Bill Putich

Profile
- Position: Quarterback

Career information
- College: Michigan

= Bill Putich =

American football player

Bill Putich was an American football player who played quarterback and halfback for the University of Michigan Wolverines football teams from 1949 to 1951.

==Playing career==
A native of Cleveland, Ohio, Putich played only 13 minutes of a possible 540 as a sophomore in 1949. He earned the nickname 'One-Play-Putich' in Michigan's 7–3 win over Michigan State in 1949; Putich appeared for only one play in the game, throwing a touchdown pass to win the game.

Putich took over as the starting quarterback for the 1950 Michigan Wolverines football team. After a 14–7 loss to Michigan State in his first start, some questioned his selection as the starting quarterback. Sports writer John F. Mayhew wrote a column in defense of Putich, noting that he was inexperienced but showed promise. Mayhew noted:Putich is an eager, hard-working, intelligent football player. He's good enough to have the complete faith of Backfield Coach George Ceithaml, one of Michigan's best quarterbacks and a man who should really know. Given a reasonable break, he'll prove it too.
Putich proved Mayhew correct in leading the 1950 team to a 9–3 win over Ohio State in the famed Snow Bowl game, a Big Ten Conference championship, and a 14–6 win over the University of California in the 1951 Rose Bowl. The 1950 team was ranked No. 9 in the final Associated Press poll and No. 6 in the coaches' poll.

In February 1951, Putich was ruled ineligible to compete for Michigan's basketball team due to academic deficiencies.

In the fall of 1951, with his eligibility restored, head coach Bennie Oosterbaan moved Putich from the quarterback position to the left halfback position. Putich was also the captain of the 1951 team.

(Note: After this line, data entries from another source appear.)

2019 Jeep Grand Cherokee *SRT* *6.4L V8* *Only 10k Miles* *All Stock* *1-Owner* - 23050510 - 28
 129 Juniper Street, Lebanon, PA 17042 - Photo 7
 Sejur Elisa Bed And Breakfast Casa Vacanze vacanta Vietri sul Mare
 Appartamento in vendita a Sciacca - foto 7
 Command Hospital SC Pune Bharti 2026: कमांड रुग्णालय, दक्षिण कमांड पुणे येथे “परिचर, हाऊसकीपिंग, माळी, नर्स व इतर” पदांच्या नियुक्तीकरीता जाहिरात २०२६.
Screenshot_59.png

An October 1951 feature story "Three P's Put PUNCH in Michigan Attack," Putich was described as a "hard-driving and tricky runner."

Putich's career totals at Michigan included 668 yards passing with his longest pass completion of 55 yards against Minnesota in 1951. He also had 206 net yard rushing, 153 yards on pass receptions, and 212 yards on punt and kickoff returns.